Consider rewriting this method as shown in Figure 2. By taking advantage of the specific aspects of this method and its common usage scenarios, we’ve now been able to optimize allocations away on the common path in a way we couldn’t expect the underlying infrastructure to do. With this, every time a call to ReadAsync retrieves the same number of bytes as the previous call to ReadAsync, we’re able to completely avoid any allocation overhead from the ReadAsync method by returning the same Task we returned on the previous invocation.

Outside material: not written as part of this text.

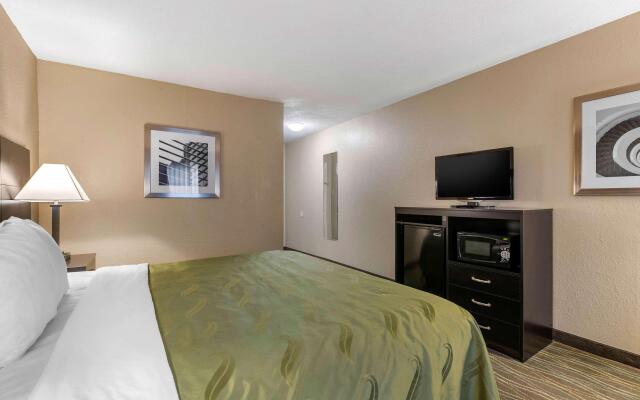 Quality Inn & Suites Des Moines - Merle Hay Road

And for a low-level operation like this that we expect to be very fast and to be invoked repeatedly, such an optimization can make a noticeable difference, especially in the number of garbage collections that occur.

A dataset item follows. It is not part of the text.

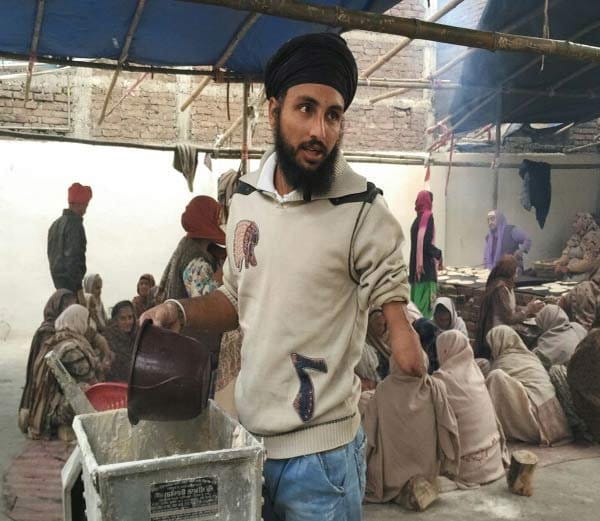 unique sikh boy, amazing story of international player mahavir singh, disable by one hand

Figure 2 Optimizing Task Allocations

private Task<int> m_lastTask;
 
public override Task<int> ReadAsync(
  byte [] buffer, int offset, int count,
  CancellationToken cancellationToken)
{
  if (cancellationToken.IsCancellationRequested) {
    var tcs = new TaskCompletionSource<int>();
    tcs.SetCanceled();
    return tcs.Task;
  }
 
  try {
      int numRead = this.Read(buffer, offset, count);
      return m_lastTask != null && numRead == m_lastTask.Result ?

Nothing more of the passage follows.